洋書調所 (ようしょしらべしょ)
【概説】
江戸幕府が1862(文久2)年に設置した、洋学の教授および外交文書の翻訳などを行う直轄の教育・研究機関。従来の「蕃書調所」から、西洋を意味する「蕃(野蛮)」という蔑称を避けるために改称された。のちの「開成所」を経て、現在の東京大学の源流の一つとなった。
「蕃書」から「洋書」への改称の背景
洋書調所の前身である蕃書調所は、1856(安政3)年に発足し、洋学の研究・翻訳や、外交実務を担う中心的な機関として機能していた。しかし、名称に含まれる「蕃」の字は、中華思想において東方の異民族を指す「東夷(とうい)」や「野蛮」といった強い蔑視の意味合いを含んでいた。

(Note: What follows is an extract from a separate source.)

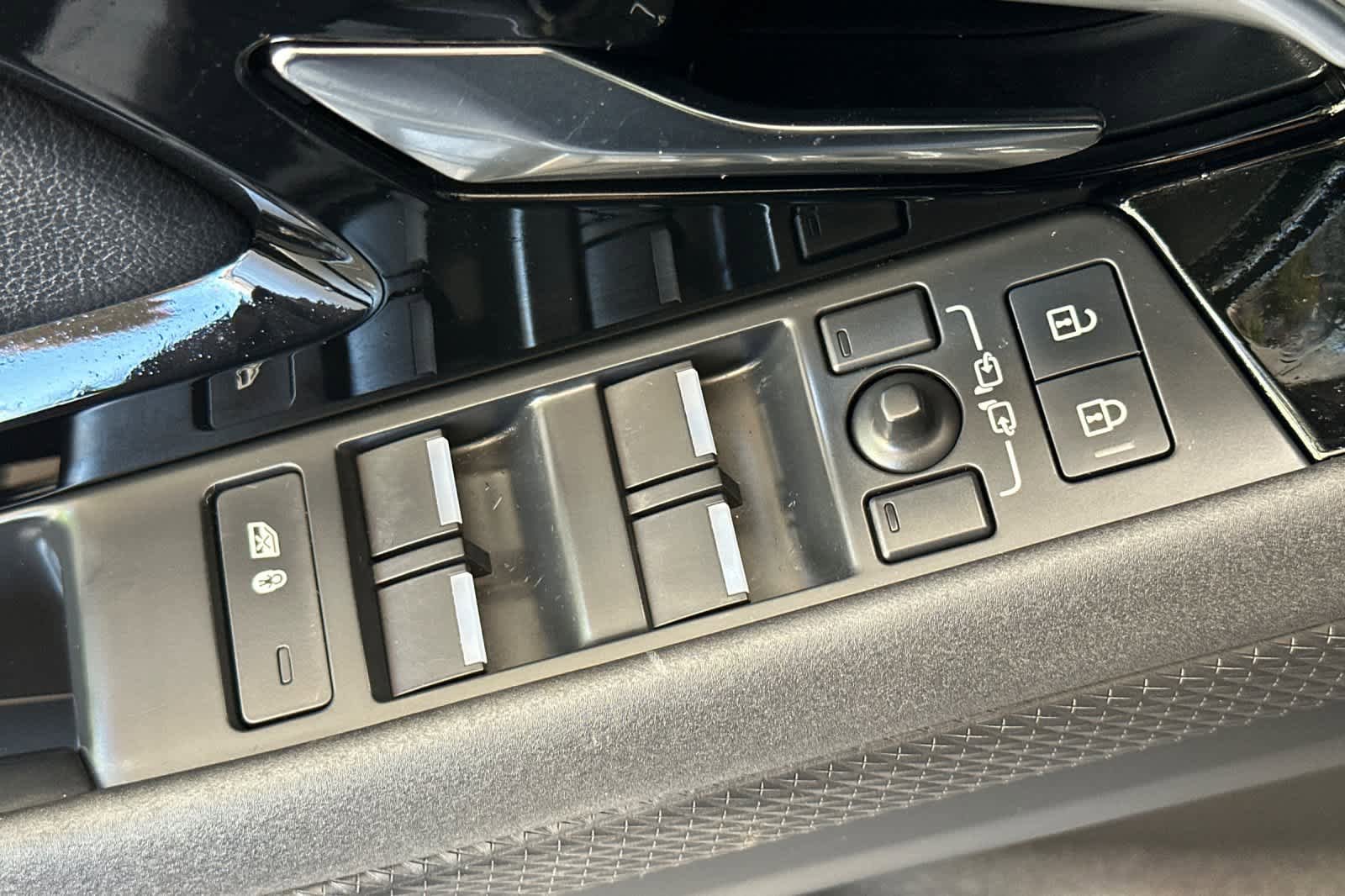 Used 2023 Land Rover Range Rover Evoque R-Dynamic S AWD/4WD image 13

幕末の激動期、欧米列強との対等な外交交渉が進められるなかで、相手国を侮蔑するような名称を冠し続けることは外交上好ましくないと判断された。また、幕府自身が攘夷運動を抑えつつ西洋の優れた科学技術を本格的に導入せねばならないという現実的な要請もあり、国家的な実用・教育機関としての品位を整えるため、1862(文久2)年の文久の改革の一環として「洋書調所」へと改称された。これは幕府の対外認識が「夷狄の技術の受容」から「対等な外交・学問の導入」へと変化した象徴的な出来事であった。
教育・研究機能の拡充と近代化への貢献
洋書調所への改称に伴い、従来のオランダ語、英語、フランス語、ドイツ語、ロシア語の語学研究だけでなく、数学、物理学、化学、物産(博物学)などの自然科学や実用技術の教授・研究が一層強化された。さらに、同年には教官であった西周や津田真道らが幕府の留学生としてオランダへ派遣され、西洋の国際法(万国公法)や社会科学の体系を本格的に学ぶ契機となった。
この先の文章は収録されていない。